> **Data shown**:
== Segment start ==
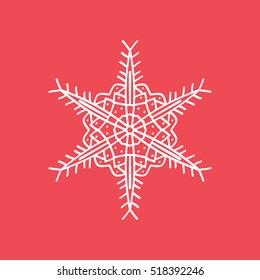 Snowflake Snow Flat Icon On Red Background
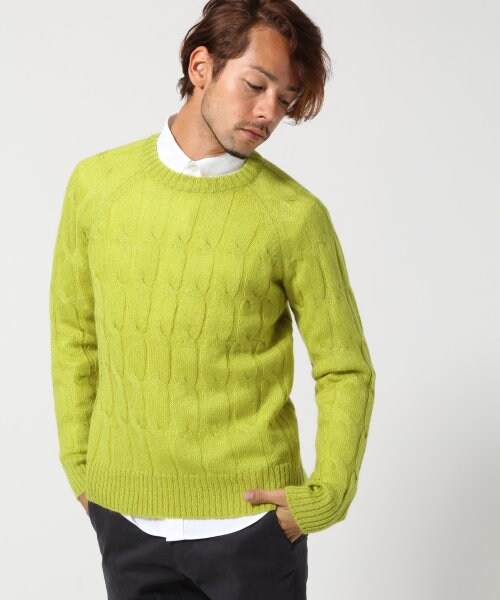 GLOBAL WORK（グローバルワーク）の「モヘアケーブルニット（トップス・メンズ・ホワイト05/グレー15/ライトグリーン72/ブルー85・Ｓ/Ｍ/Ｌ）」の3枚目の写真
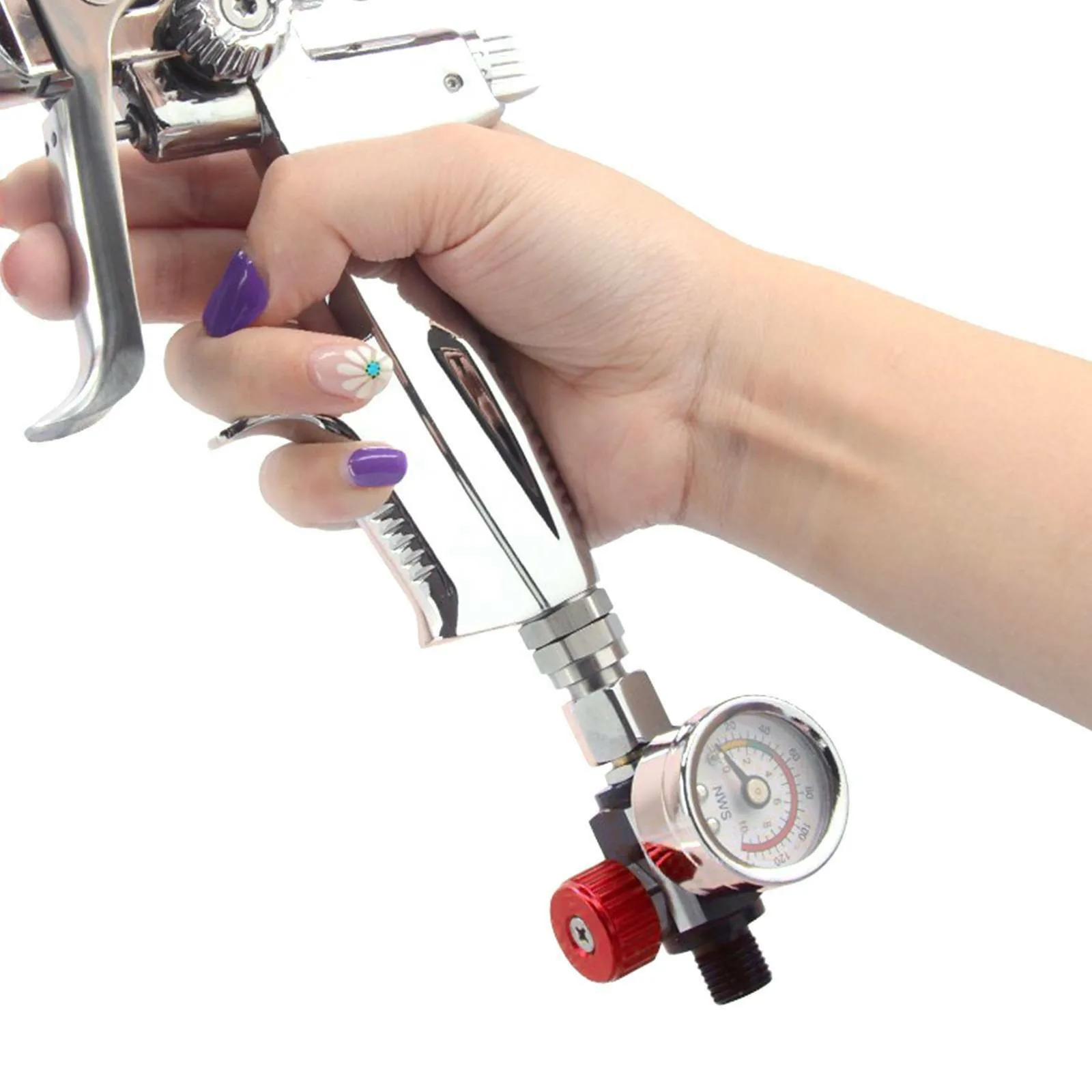 

1/4\" Air Valve Regulator Tool Tail Pressure Gauge Nozzle For SprayGun Mini Durable and practical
== Segment end ==
Your task is to repeat exactly the lines from the one containing "GLOBAL WORK（グロ" through the end of the material, both included, and only those, without pictures.

 GLOBAL WORK（グローバルワーク）の「モヘアケーブルニット（トップス・メンズ・ホワイト05/グレー15/ライトグリーン72/ブルー85・Ｓ/Ｍ/Ｌ）」の3枚目の写真

1/4\" Air Valve Regulator Tool Tail Pressure Gauge Nozzle For SprayGun Mini Durable and practical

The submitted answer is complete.